# ID the Pleco



## Tex Gal (Nov 1, 2007)

Does anybody know what this guy is? I've had him for years. Can't find him on any pleco sites.


----------



## Raul-7 (Feb 4, 2004)

I believe it is _Peckoltia sabaji_, L75.


----------



## Tex Gal (Nov 1, 2007)

Raul-7 said:


> I believe it is _Peckoltia sabaji_, L75.


You are great!! That is my guy  They use numbers L075, L124, L301, LDA02, and the name Para Pleco. found him on Planet Catfish once you gave me the number.

There are such smart people on this forum! :mrgreen:


----------



## Raul-7 (Feb 4, 2004)

Tex Gal said:


> You are great!! That is my guy  They use numbers L075, L124, L301, LDA02, and the name Para Pleco. found him on Planet Catfish once you gave me the number.
> 
> There are such smart people on this forum! :mrgreen:


Smart? Nah, just a fellow pleco enthusiast!


----------



## Newt (Apr 1, 2004)

How about my Ancistrus in this attachment?


----------



## Tex Gal (Nov 1, 2007)

Newt said:


> How about my Ancistrus in this attachment?

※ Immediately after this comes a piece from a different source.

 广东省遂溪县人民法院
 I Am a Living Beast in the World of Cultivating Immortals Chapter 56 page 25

He's blurry. I can't see him well. Is he L003?

Look here: 
http://www.planetcatfish.com/catelog/numbers.php?mode=l&thumbs=16


----------



## Diana K (Dec 20, 2007)

Tex-Gal, I have one of those, too! Everyone I asked kept saying, "Leopard Pleco" but never a real name.
Thanks, Raul!

Beautiful fish! Mine seems to feel if his head is hidden the rest of him is hidden. He(?) burrows part way under a piece of driftwood, excavating the substrate almost to the glass. I can usually see at least half of him.


----------



## Tex Gal (Nov 1, 2007)

Diana K said:


> Tex-Gal, I have one of those, too! Everyone I asked kept saying, "Leopard Pleco" but never a real name.
> Thanks, Raul!
> 
> Beautiful fish! Mine seems to feel if his head is hidden the rest of him is hidden. He(?) burrows part way under a piece of driftwood, excavating the substrate almost to the glass. I can usually see at least half of him.

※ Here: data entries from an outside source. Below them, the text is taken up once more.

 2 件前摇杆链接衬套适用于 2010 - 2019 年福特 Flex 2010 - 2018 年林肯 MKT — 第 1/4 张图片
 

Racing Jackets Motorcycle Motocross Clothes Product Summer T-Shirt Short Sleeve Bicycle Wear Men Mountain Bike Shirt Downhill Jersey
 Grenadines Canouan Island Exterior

LOL! I don't think I've ever seen mine dig. He used to be top fish. He used to be out all the time just sitting in the front of the tank until I got the dreaded YoYo Loach. Now he doesn't come out a lot. He's so pretty, especially when he has all his fins opened up. I love his vibrant yellow color with the brown dots. I love how the dots are carried over to his fins. I love how the dots get progressively small on his head. He is definitely one of my favorite plecos!


----------



## Newt (Apr 1, 2004)

I think it's a female as it has very few (and short) bristles on the nose. I've had her for about five years. It will not stay still and always scoots away when you go near the tank. It is great at keeping the bog wood clean but little else.

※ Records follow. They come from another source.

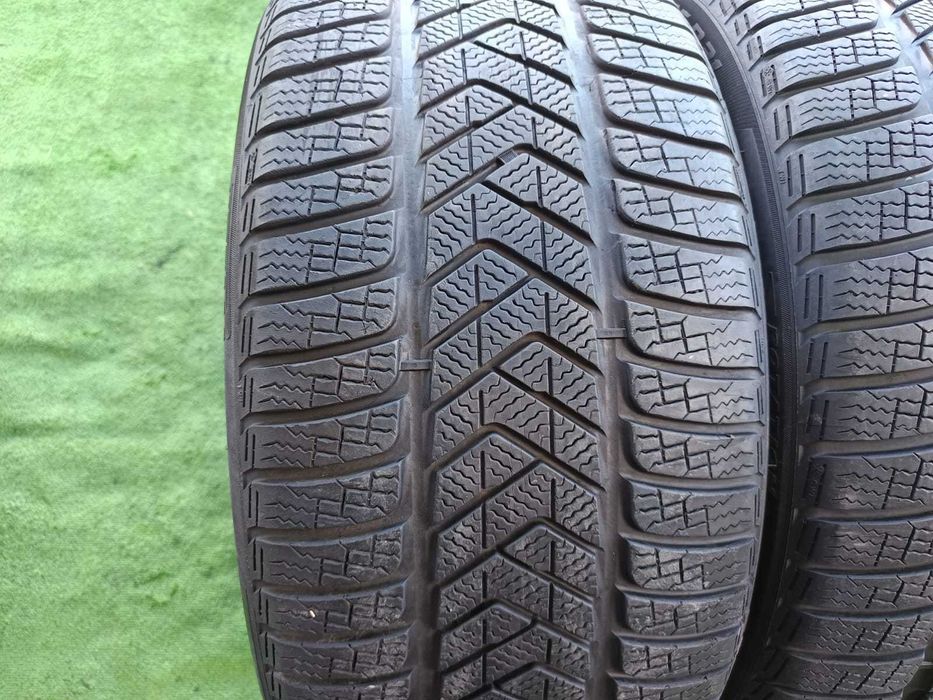 Anvelope iarnă 275/35/21 Pirelli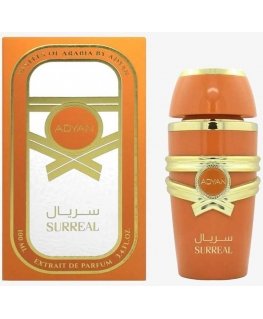 Adyan Surreal EDP hajuvettä naisille, 100 ml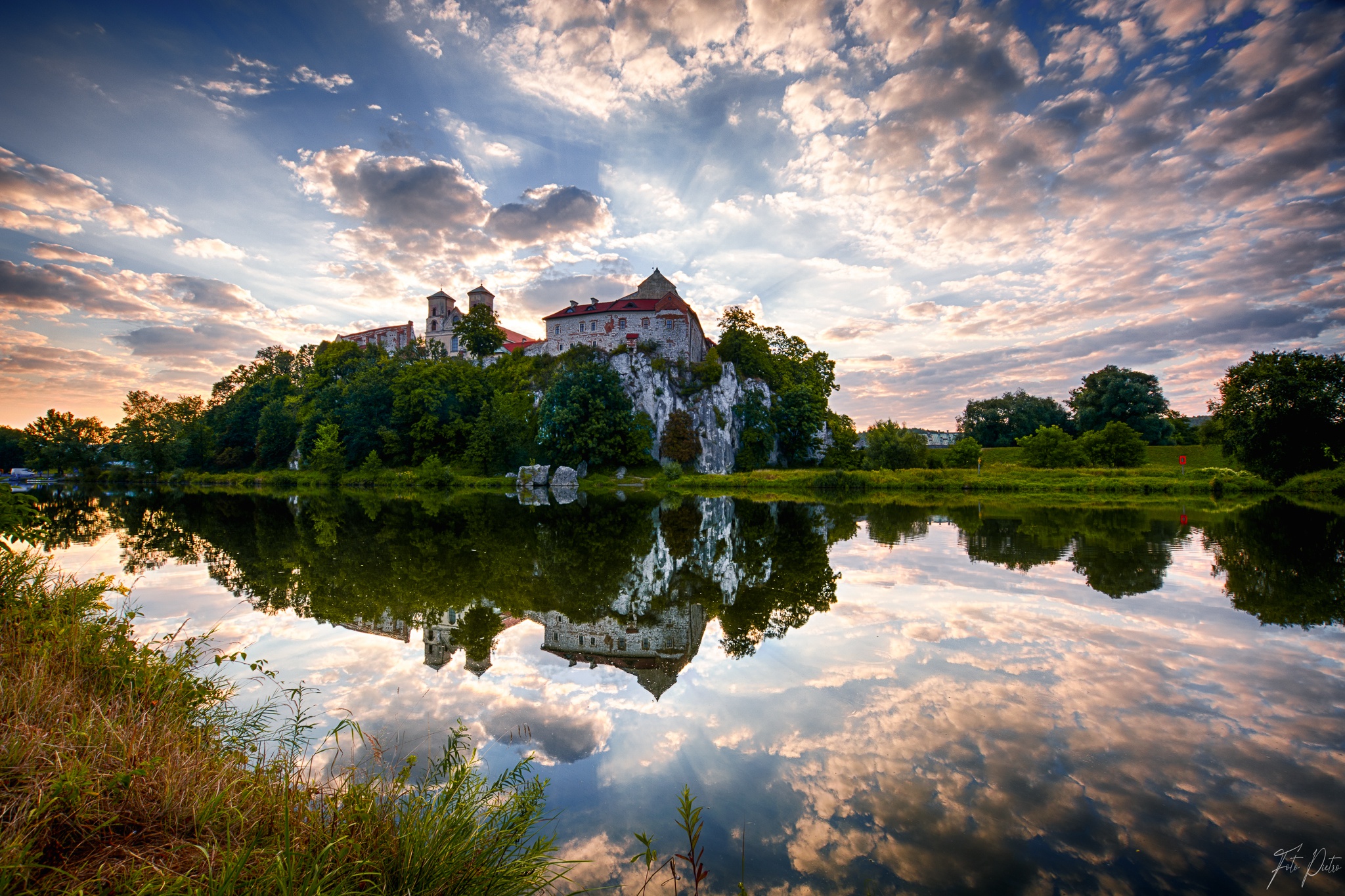 River wisla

I dont think it is L003. But thanks for helping.
Its not real big, maybe 4 inches long at the most.


----------



## Tex Gal (Nov 1, 2007)

At least you're one up on me. I just found out what I have much less what sex he is. If I had 2 together to compare maybe I might know... Mine is about 5". I'm sure he's full grown. I have about 5 plecos. I love them all


----------



## Tex Gal (Nov 1, 2007)

Newt - how about L033, L187 from the planet catfish link above.


----------



## Newt (Apr 1, 2004)

Thanks for the help.
Nope, none of those.
I'll get some more pics and post in this thread.


----------